─── EXERCISE DATA ───

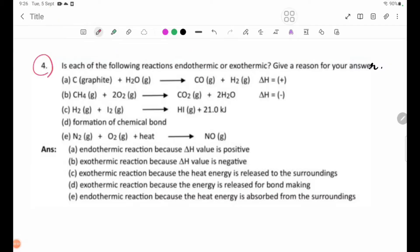Number 4: Is each of the following reactions endothermic or exothermic? Give a reason for your answer.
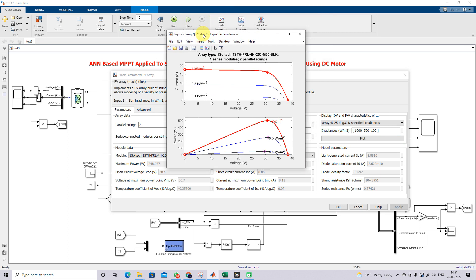This is the IV and PV characteristics of the considered PV array. The maximum power at 1000 watts per meter square is 498 watts. This maximum power varies depending upon irradiation.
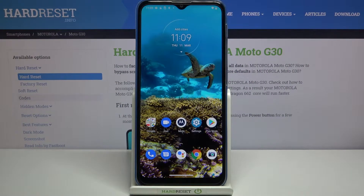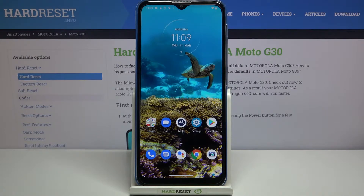Hi everyone, here we've got the Motorola Moto G30, and let me share with you how to reset app preferences on this device.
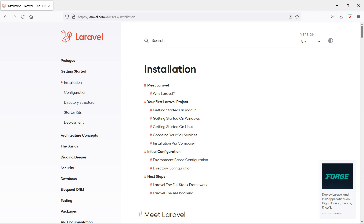Hi everyone, welcome back to the Laravel 9 tutorial. In this video, we are going to learn about how we can install and create the Laravel 9 project. Laravel is a PHP-based open source web framework, which is ideal for building both simple and complex web applications.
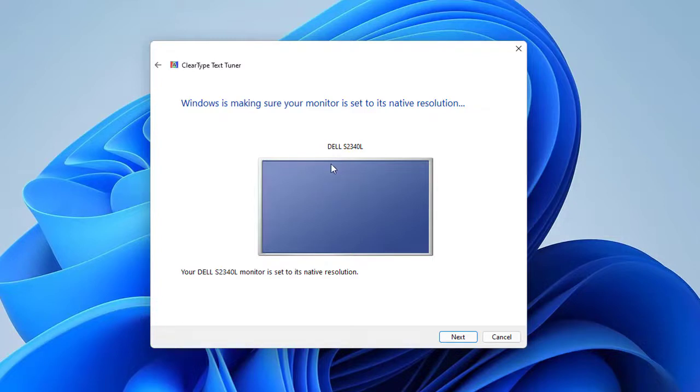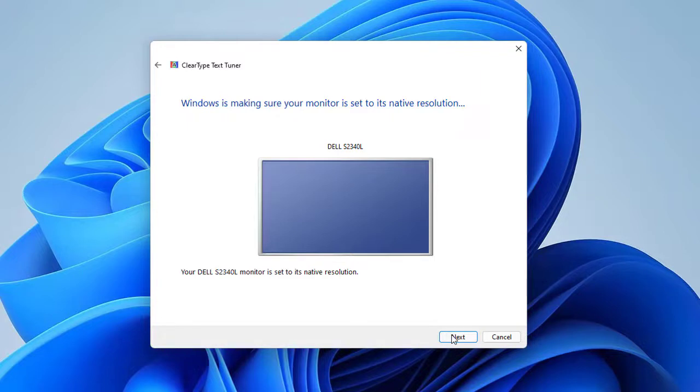If your display is not set to its native screen resolution, then you will be asked to select to change to native resolution or keep current resolution, and click on Next.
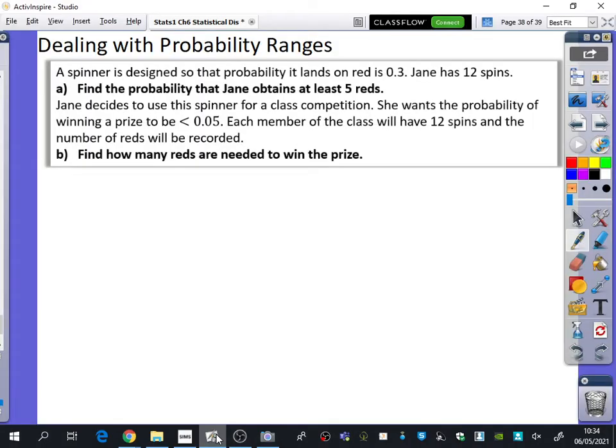We're going to look at what happens when you're dealing with probability ranges where you can't really use the calculator. You'll see why in Part B of the question we can't really use the calculator. So get those probability tables ready to go.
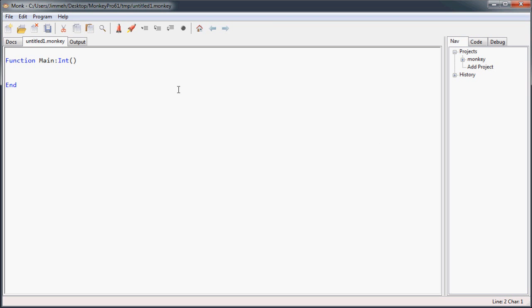I'll get started with an introduction to these operators. Basically, bitwise operators are used to perform operations on data stored in memory at the bit level. A bit, if you don't know, is the most basic unit of memory. It exists in only two states — either off or on, or 0 or 1. In Monkey, you can only perform these bitwise operations on the integer type.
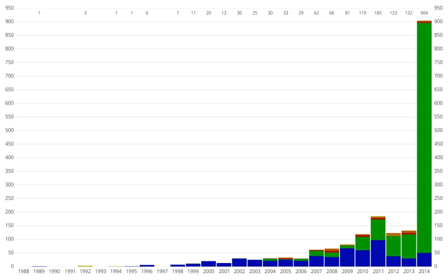In March 2019, ESO astronomers employing the GRAVITY instrument on their Very Large Telescope Interferometer announced the first direct detection of an exoplanet, HR 8799e, using optical interferometry. By looking at the wiggles of an interferogram using a Fourier transform spectrometer, enhanced sensitivity could be obtained in order to detect faint signals from Earth-like planets.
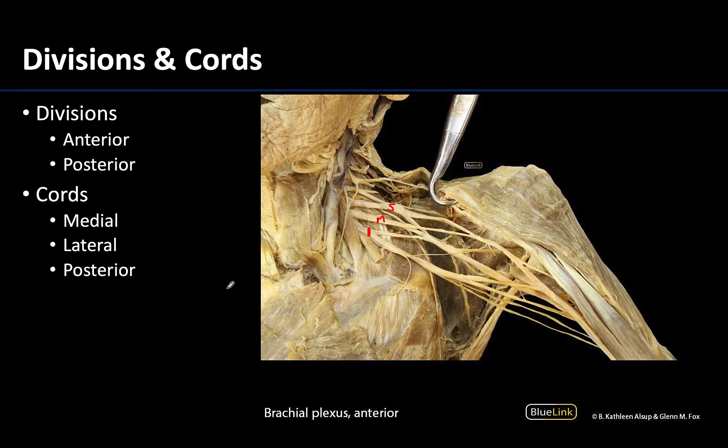The anterior divisions are going to innervate anterior compartments of the upper limb, whereas the posterior divisions will innervate posterior compartments. At the divisions, things get complex with considerable dividing, splitting, and combining. I always find it easiest to first locate the posterior divisions from each trunk, as they will unite to form the posterior cord.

───

--- ACTIVITY ---
All entries above must be printed again verbatim, with images excluded.

--- TASK RESULT ---
Number 4: Is each of the following reactions endothermic or exothermic? Give a reason for your answer.
This is the IV and PV characteristics of the considered PV array. The maximum power at 1000 watts per meter square is 498 watts. This maximum power varies depending upon irradiation.
Hi everyone, here we've got the Motorola Moto G30, and let me share with you how to reset app preferences on this device.
Hi everyone, welcome back to the Laravel 9 tutorial. In this video, we are going to learn about how we can install and create the Laravel 9 project. Laravel is a PHP-based open source web framework, which is ideal for building both simple and complex web applications.
If your display is not set to its native screen resolution, then you will be asked to select to change to native resolution or keep current resolution, and click on Next.
We're going to look at what happens when you're dealing with probability ranges where you can't really use the calculator. You'll see why in Part B of the question we can't really use the calculator. So get those probability tables ready to go.
I'll get started with an introduction to these operators. Basically, bitwise operators are used to perform operations on data stored in memory at the bit level. A bit, if you don't know, is the most basic unit of memory. It exists in only two states — either off or on, or 0 or 1. In Monkey, you can only perform these bitwise operations on the integer type.
In March 2019, ESO astronomers employing the GRAVITY instrument on their Very Large Telescope Interferometer announced the first direct detection of an exoplanet, HR 8799e, using optical interferometry. By looking at the wiggles of an interferogram using a Fourier transform spectrometer, enhanced sensitivity could be obtained in order to detect faint signals from Earth-like planets.
The anterior divisions are going to innervate anterior compartments of the upper limb, whereas the posterior divisions will innervate posterior compartments. At the divisions, things get complex with considerable dividing, splitting, and combining. I always find it easiest to first locate the posterior divisions from each trunk, as they will unite to form the posterior cord.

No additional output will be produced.